● **What the task asks**:
Throughout the records below, find each line holding "Black" and copy it.

● **Study material**:
[Start of Attachment]
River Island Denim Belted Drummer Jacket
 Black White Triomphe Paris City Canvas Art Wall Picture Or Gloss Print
[End of Attachment]
[Start of Attachment]
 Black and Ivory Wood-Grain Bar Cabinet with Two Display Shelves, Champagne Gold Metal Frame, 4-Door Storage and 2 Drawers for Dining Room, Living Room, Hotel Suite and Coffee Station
[End of Attachment]
[Start of Attachment]
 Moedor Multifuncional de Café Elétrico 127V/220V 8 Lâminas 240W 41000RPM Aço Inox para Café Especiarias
[End of Attachment]
● **Response to this exercise**:
 Black White Triomphe Paris City Canvas Art Wall Picture Or Gloss Print
 Black and Ivory Wood-Grain Bar Cabinet with Two Display Shelves, Champagne Gold Metal Frame, 4-Door Storage and 2 Drawers for Dining Room, Living Room, Hotel Suite and Coffee Station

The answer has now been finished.